Plans are how Apollo delivers instructions from the Hub to agents in managed Environments. Each Plan is a unit of work, such as a configuration change or a Release upgrade, and will only be sent to an agent for execution when all relevant constraints have been satisfied.

Apollo supports the following Plan types:

Plans and constraints are surfaced in the Activity tab of the Environment or Entity. You can also view the history of Plans that an agent performed for a given Environment or Entity, each of which has a start, an end time, and a status.

Plans

Apollo's Plan-based paradigm is different from other "control loop" systems. Rather than directly carrying out actions in the background without a human noticing, Apollo generates a Plan, and once all constraints are satisfied, the Plan is sent to an agent for execution. This Plan-based paradigm provides more transparency and visibility to users for ongoing, upcoming, and previous changes made in the Environment.

Plan Lifecycle

Plan Lifecycle

Orchestration Engine

The Orchestration Engine in every Hub Environment:

  1. Continuously evaluates all the possible Plans for each Spoke.
  2. Evaluates all the constraints associated with each of the possible Plans.
  3. Issues Plans, whose constraints are satisfied, to the Spoke's agents for execution.

General guidelines for how the Orchestration Engine decides which Plan to issue

  • Plans to roll off a recalled release or to execute break-glass commands are prioritized over other Plan types.
  • Apollo will aim to bring the state of Entities to the latest possible state. For example, Apollo will issue a Plan to upgrade an Entity to the latest Release that passes all relevant constraints and change the Entity's configuration to the latest configuration override that matches the version. This allows performing upgrades in lockstep with their respective configuration. For more about configuration overrides for specific versions, see the documentation on Managing Entities.

When no Plan can be issued because there is no work to be done, Apollo will display its reasoning in the Activity tab of the Entity. This helps you understand why no work is being done and what actions you can take to unblock work if necessary.

No work to be done

Agents

Agents in every Spoke Environment:

  1. Continuously poll the orchestration engine for new Plans and report back the state of the Environment and its Entities.
  2. Execute the change(s) required in the Spoke for every issued Plan
  3. Report whether Plans succeeded or failed back to the orchestration engine.

Viewing a Plan's status

You can track the progress of a Plan in the Plans tab of the Entity or Environment home page. Select a Plan to view its details, metadata, the status of each task in the Plan, and the Plan spec.

Entity plan tasks

For Plans that failed, you can view an error message for each task that failed. This enables you to identify the reason that the Plan failed and resolve any issues.
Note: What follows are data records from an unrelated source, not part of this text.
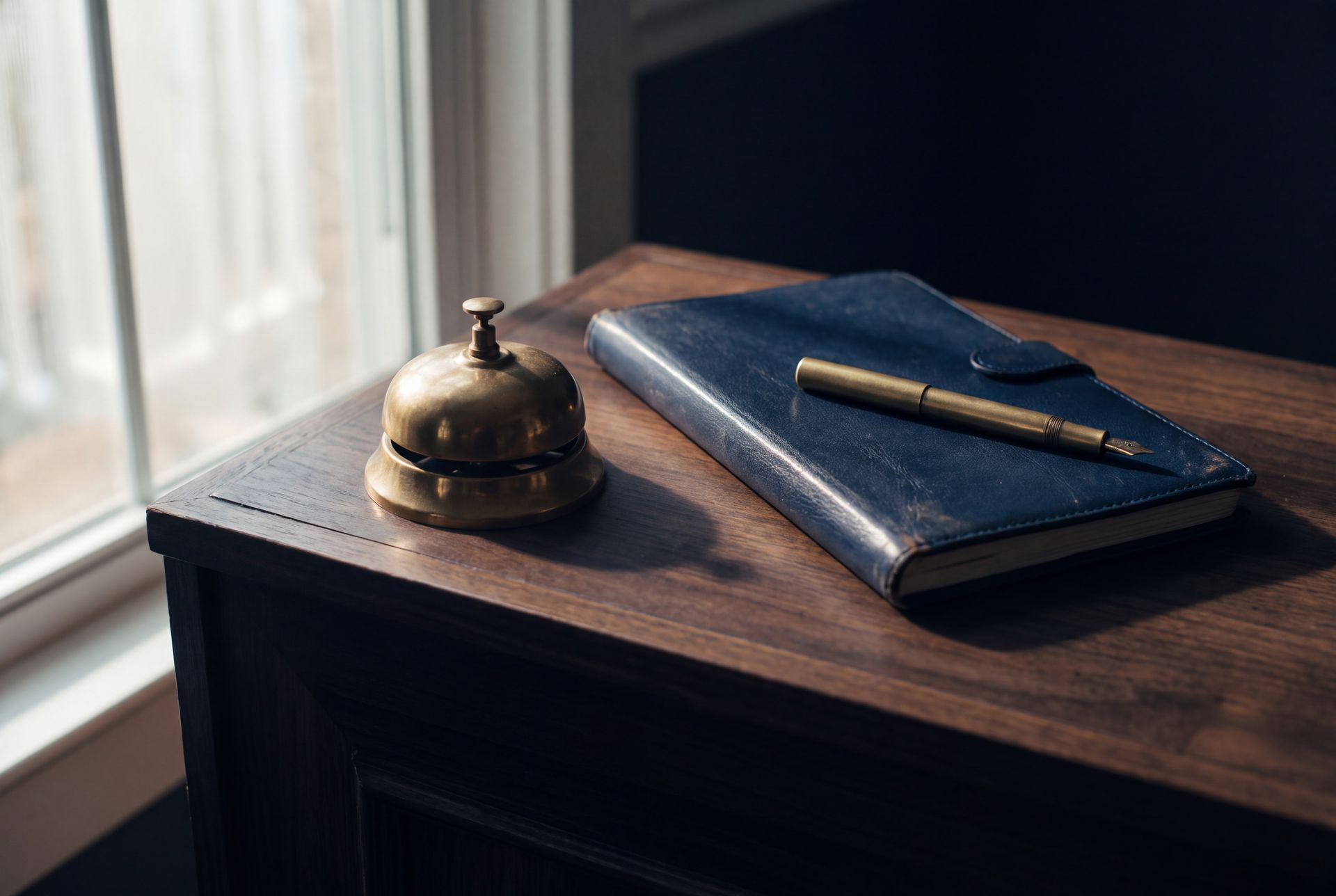 A brass service bell, a navy notebook and a pen on a walnut desk by a window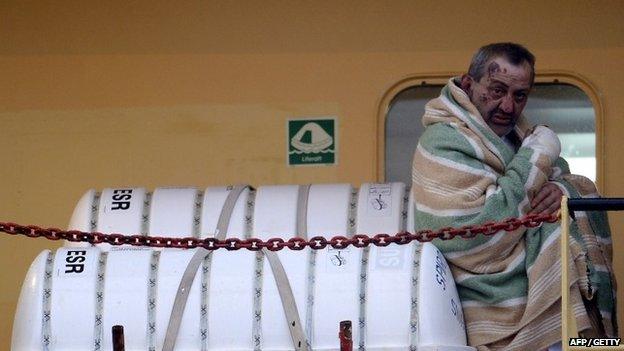 A wounded passenger among 49 survivors evacuated from the burning ferry "Norman Atlantic arrives aboard a cargo container ship to the harbour of Bari on December 29, 2014.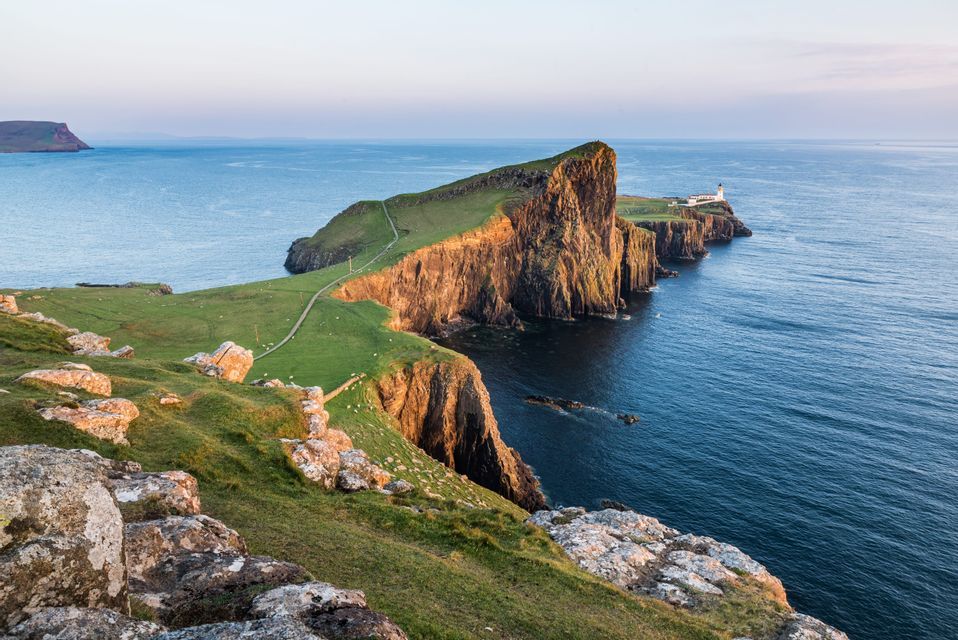 Un faro blanco se erige en una península verde y acantilada que se adentra en un mar azul y tranquilo bajo un cielo despejado.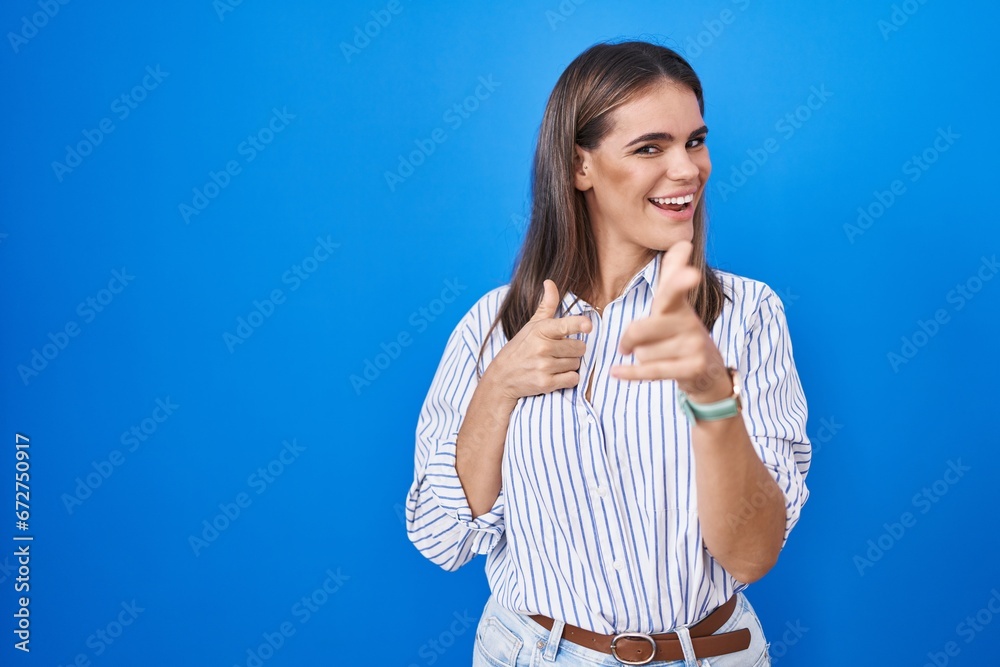 Hispanic young woman standing over blue background pointing fingers to camera with happy and funny face. good energy and vibes. Hispanic young woman standing over blue background pointing fingers to camera with happy and funny face. good energy and vibes.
Plan failures, suppressions, and rollbacks

When Plans fail, Apollo will automatically create an Entity-level suppression window, which will prevent further work on that Entity. Apollo will continue to issue new Plans for other Entities in the Environment. If the number of Entities in an Environment that are under automated suppression windows exceeds the configured threshold, Apollo will automatically create an Environment-level suppression window as this may be indicative of a system-wide problem. An Environment-level suppression will prevent further work on all Entities in the Environment. Once the number of Entities under suppression windows returns to below the threshold, Apollo will automatically remove the Environment-level suppression.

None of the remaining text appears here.